"Are they talking about admitting her?" Megan asked, trying to keep the horror out of her voice. From their conversations the doctors hadn't thought hospitalization would be necessary and she could receive her chemo as an outpatient. If the emergency room doctors were considering hospitalization for anything other than dehydration and nausea, then Anya was not in good shape. If so, all the optimism and perky tones in the world wouldn't do her any good.
"I don't know," Bryan repeated, clearly frustrated. "I don't think the doctors know!"
"Okay, okay," Megan said, trying to calm Bryan down. "I'll be there soon. Let her know, okay?"
"Yeah," he said weakly and mumbled that he needed to go and he'd see her soon.
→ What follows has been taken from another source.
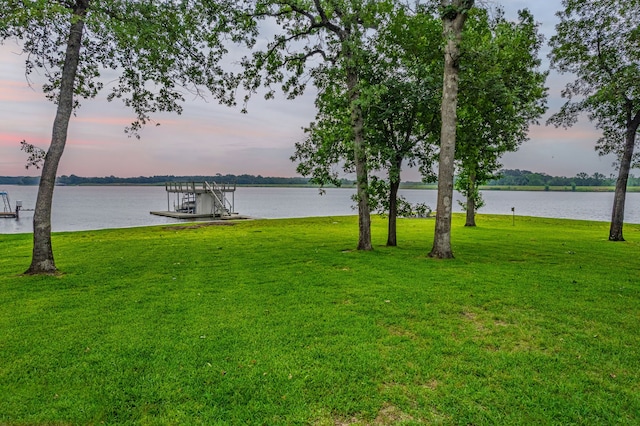 7811 Double Oaks Rd, Athens, TX 75752 - yard at dusk featuring a boat dock, a yard, and a water view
The phone clicked, signaling the call was disconnected and Megan had to fight the urge to put her head back and close her eyes as she merged onto the interstate. Thankfully the rush hour traffic was dissipating.
Minutes later Megan was maneuvering through downtown, silently cursing every red light. She had been able to see the hospital since she exited the interstate and was anxious to reach her destination.
Finally, the light turned and car in front of her rolled through the intersection. Megan made her right turn into the hospital parking garage and felt her pulse begin to race.
It wasn't fear of being too late, but the fear the unknown. Having just seen Anya earlier, Megan wasn't sure what kind of state her best friend was going to be in.
The parking garage was across the street from the hospital and Megan collected the ticket so she could proceed further into the underbelly of the garage and begin her hunt for a space.
Parking was a nightmare—almost as bad as the ones she had been suffering at night. She reached the third level before she found a parking spot in a distant corner of the garage. She quickly trotted to the elevator, waited for what felt like hours, and wrote it down to street level.